The SEM image in Fig. 1 shows the 11 µm thick, free-standing EpiPoly sensor structure of a rotation rate sensor. By means of comb electrodes made of the same EpiPoly-Si, one side of which is fixed to the substrate, the sensor structure is electrostatically excited to resonant in-plane oscillation. If an angular acceleration acts on the sensor structure, it is additionally excited to oscillate perpendicular to the plane. This oscillation can be detected capacitively by means of electrodes made of thin LPVD poly-Si located below the sensor structure, the out-of-plane electrodes in the cross-sectional image. The gap between the out-of-plane electrodes and the movable EpiPoly sensor structure is created by etching out an LPCVD silicon oxide layer in HF gas phase that was originally located in between. By bonding another Si substrate with etched cavities and getter film integrated therein, the exposed sensor structures are hermetically encapsulated, see cross-sectional image. An exclusive, patented technique of ISIT allows to set different gas pressures in adjacent cavities. This enables highly integrated, precise and cost-effective manufacturing of IMUs (Inertial Measurement Units) with acceleration and angular rate sensors on one and the same chip.




Fig. 2: Schematic cross-section through an electrostatically actuated, dual-axis MEMS scanner fabricated using two Epi-Poly layers (left), and photo of a vacuum-encapsulated, single-axis specimen with 3D glass lid (right).

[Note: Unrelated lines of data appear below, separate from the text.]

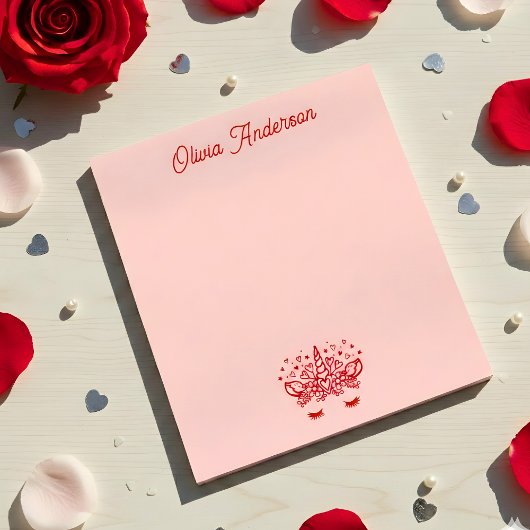 Bloc-note Licorne rouge de la Saint-Valentin Enfants Jour de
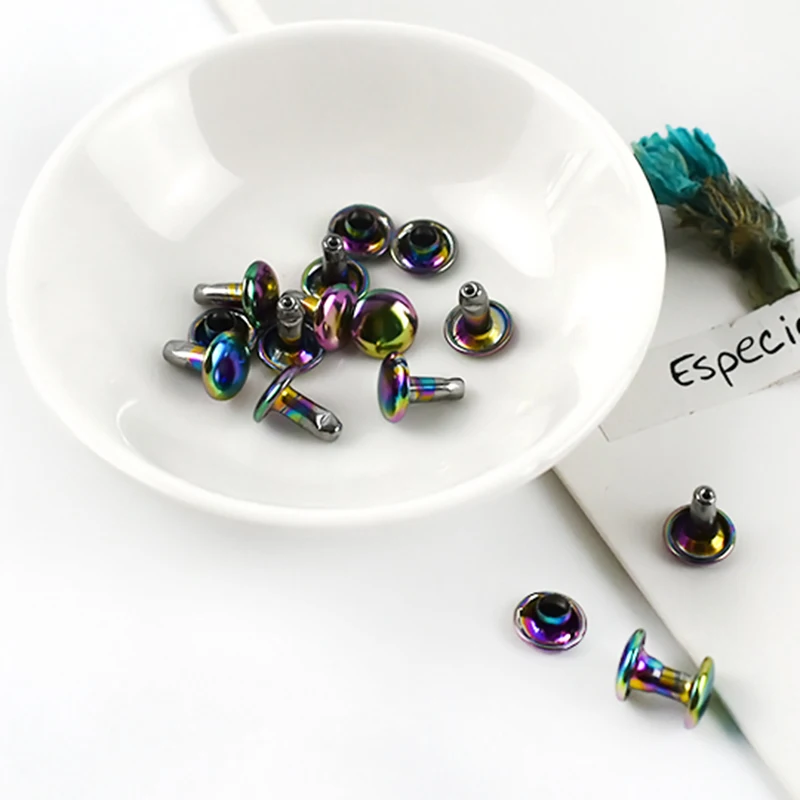 10/20/50 set 6/8mm colori doppia faccia rivetto fibbia in metallo colpire chiodi borsa cinturino scarpe rivetti pulsante accessorio in pelle fai da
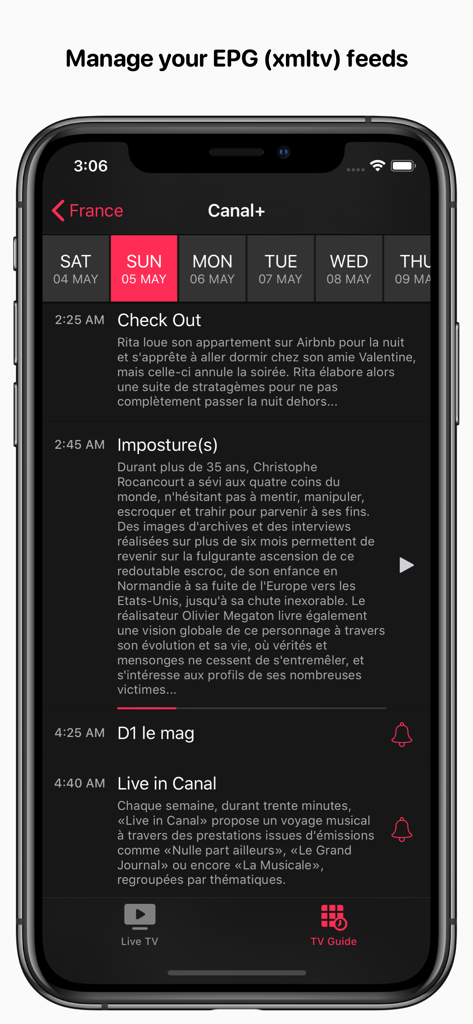 Feedlix TV electronic program guide showing a television schedule with channel details on an iPhone screen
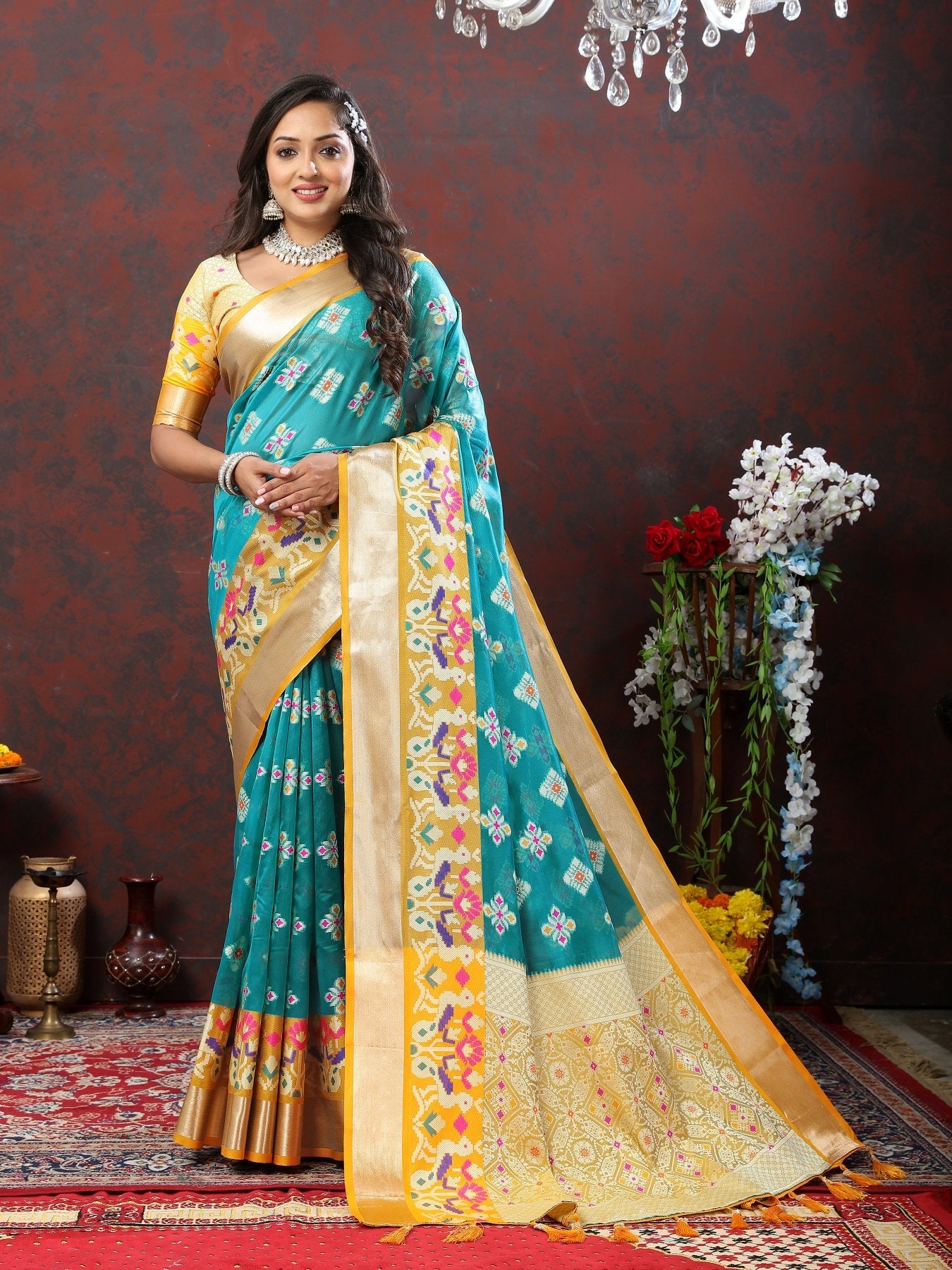 Preferable Firozi Organza Silk Saree With Engrossing Blouse Piece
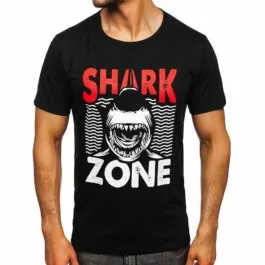 Svart t-shirt med rund hals - Shark Zone framifrån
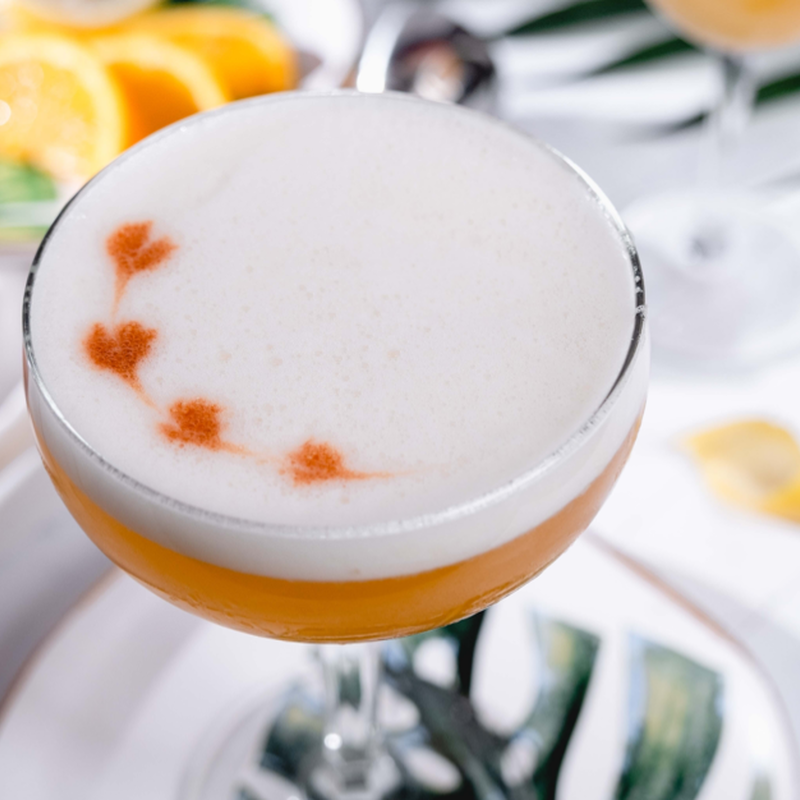 Image of a whiskey sour made with egg whites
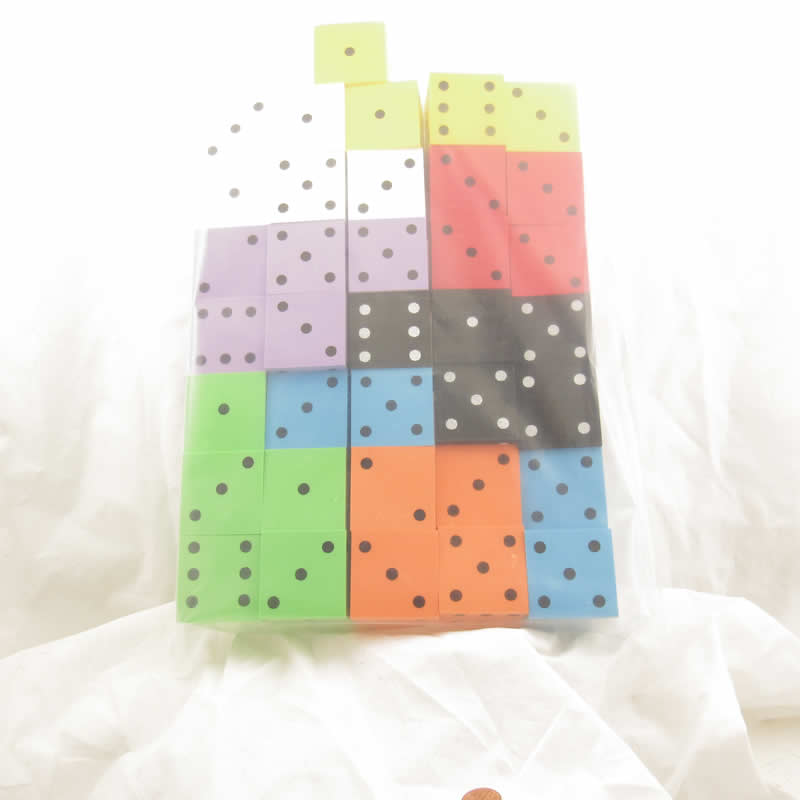 KOP18930 Assorted Opaque Foam Dice Dots D6 50mm Bulk Pack of 36 Main Image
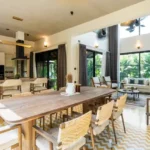 4-BHK-Villa-Siolim-Bardez-North-Goa-Dining-Table-With-Woven-Chairs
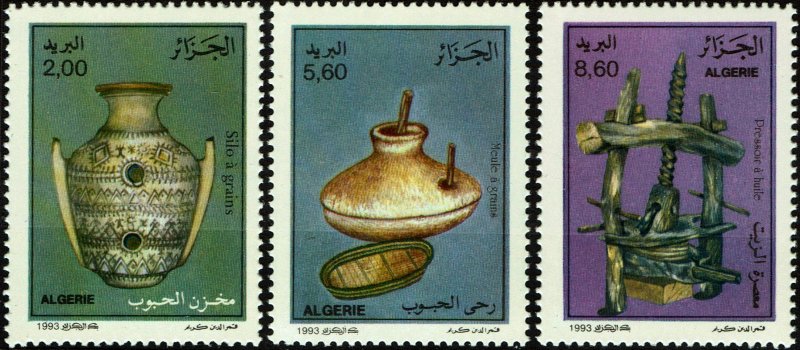 Algeria #983-85  MNH - Traditional Grain Processing (1993)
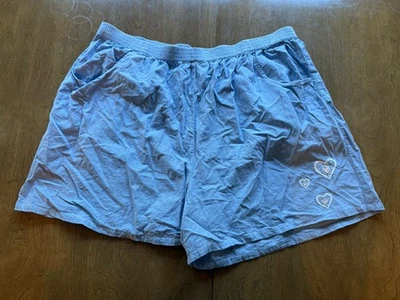 Fashion Bug Light Blue Pull On Elastic Waist Heart Shorts Plus Size 26/28W  - Image 1 of 4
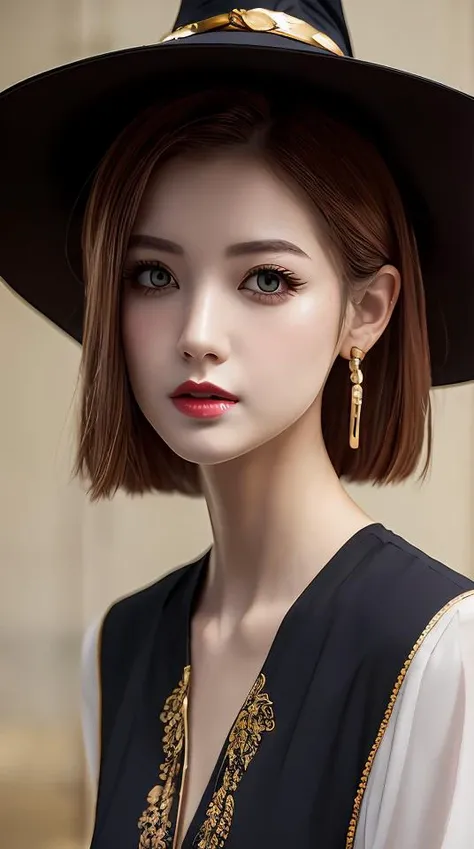 full shot cute mischievous young witch getting up to trouble, floral huipil peasant blouse, black and orange, magical, latina, defined facial features, symmetrical facial features. by ruan jia and artgerm and range murata and wlop and william adolphe bougu...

Fig. 2 on the left shows the schematic cross-section through an electrostatically actuated, two-axis MEMS scanner, for whose drive and sensing electrodes, respectively, two 40 µm thick EpiPoly layers were used. These also form the mirror plate, which is extraordinarily rigid thanks to a total thickness of 80 µm and does not deform during operation even with diameters in the mm range. Unlike the inertial sensors, the moving structure is exposed by removing the substrate underneath from its rear side. A sacrificial layer is not required. MEMS scanners can also be hermetically encapsulated if required. The photo in Fig. 2, right, shows a single-axis MEMS scanner with a three-dimensionally shaped glass lid and a bottom made of silicon. A getter material on the Si bottom also provides a stable vacuum inside the sealed cavity. Thanks to the vacuum, the scanner can be excited to resonate with very low voltages. The bonding of the MEMS, lid, and bottom substrates is accomplished in a single bonding process. A description of the different bonding processes for MEMS device encapsulation as well as the 3D glass technology, another exclusive technique of ISIT, can be found in the section "MEMS Fabrication Processes".

 

By combining the EpiPoly technology platform with other technology platforms, its application possibilities can be expanded extraordinarily. Using the piezo MEMS technology platform, for example, piezoelectrically actuated scanners can also be manufactured. Scanners with PZT-based actuation can be easily excited to oscillate even in air thanks to the very large forces. AlN- and AlScN-based scanners can be operated quasistatically. Using the PowderMEMS technology platform, NdFeB micromagnets can be integrated at the substrate level in the moving structure of a scanner. Scanners of this type can be excited by the electromagnetic fields of external coils. Again, large forces and operation in quasi-static mode are possible. In addition, the actual MEMS device does not require any electrical connections at all, which greatly simplifies its manufacture.